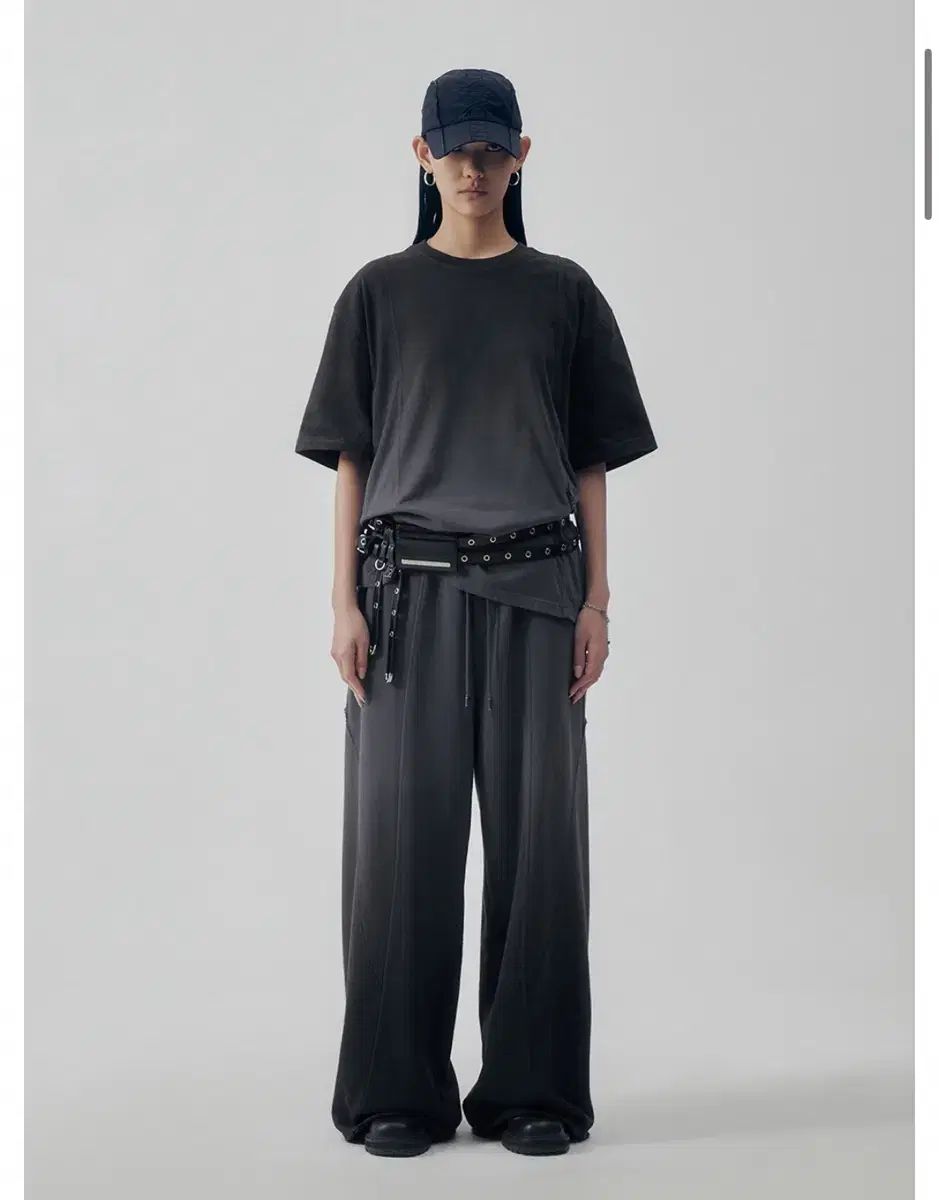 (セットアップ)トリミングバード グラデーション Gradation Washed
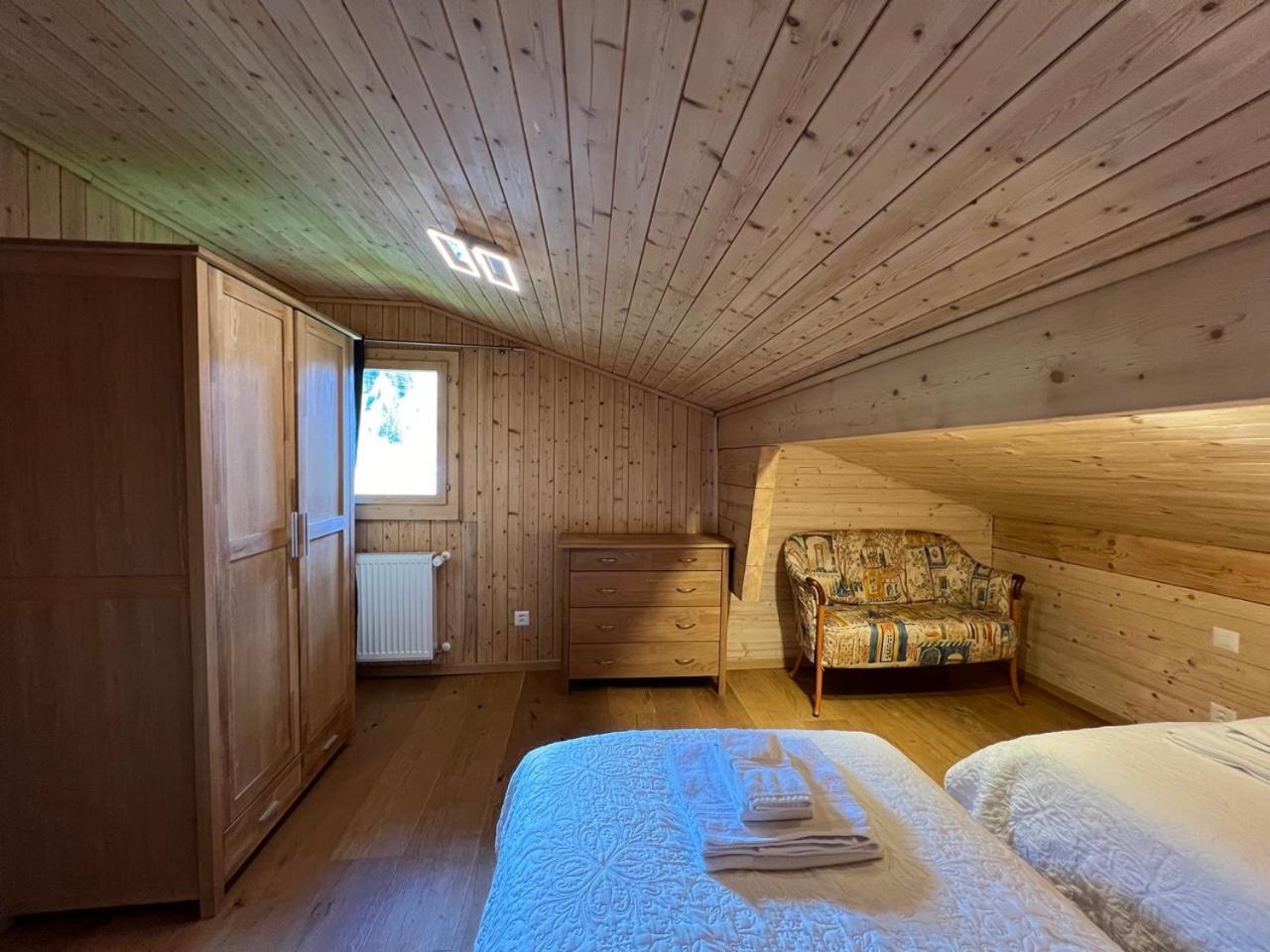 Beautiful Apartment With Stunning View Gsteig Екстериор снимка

________________

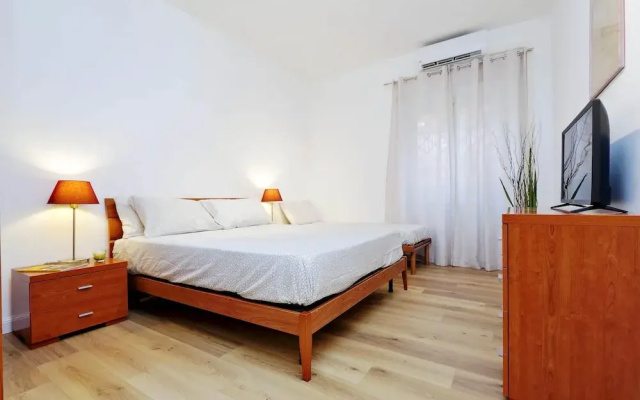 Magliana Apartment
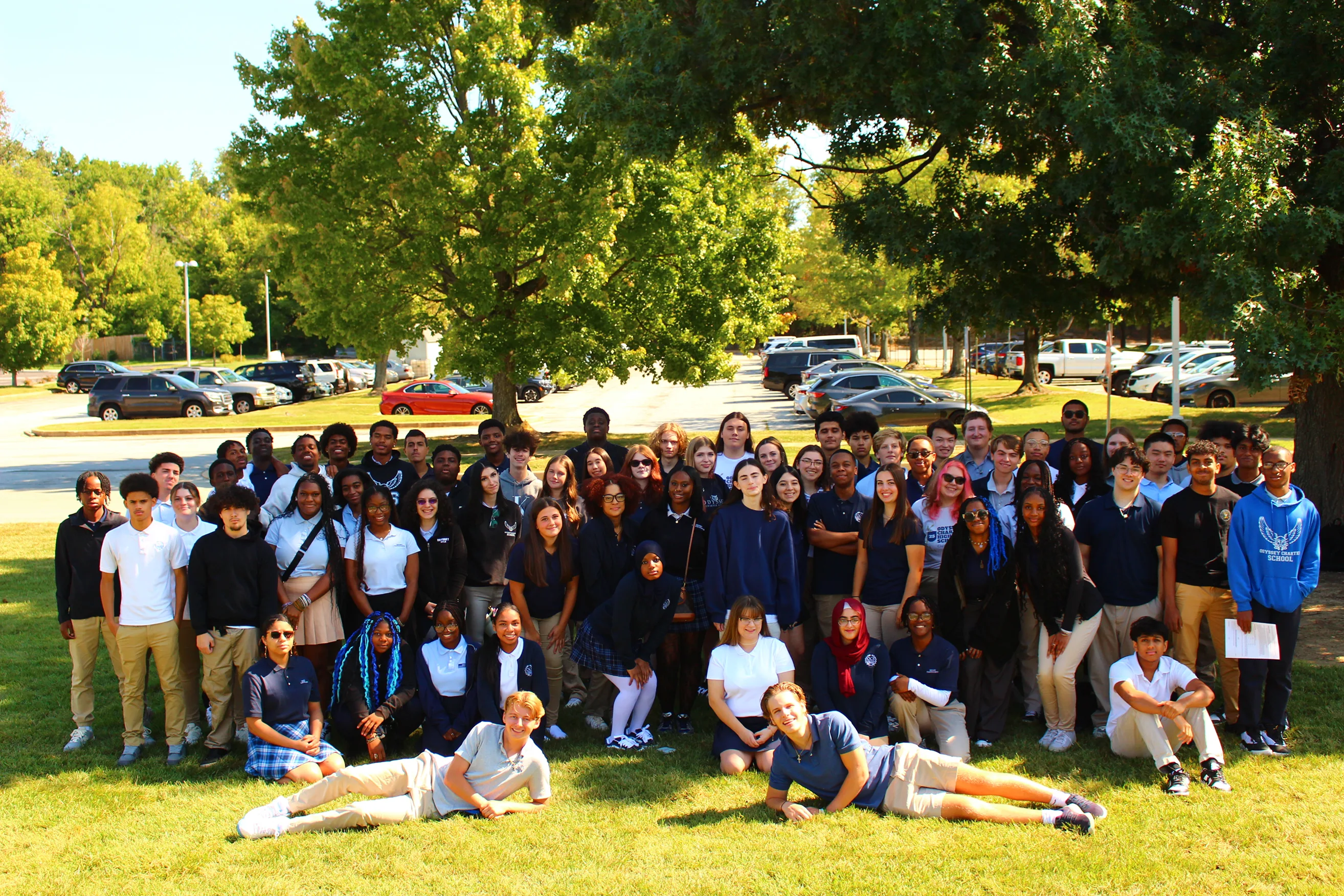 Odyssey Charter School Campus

________________

- _EXERCISE BRIEF_:
Above are some entries. Restate word for word the lines from the one holding "Magliana Apartment" through the one holding "Odyssey Charter School Campus", but not the pictures.

- _RESULT FOR THIS TASK_:
 Magliana Apartment
 Odyssey Charter School Campus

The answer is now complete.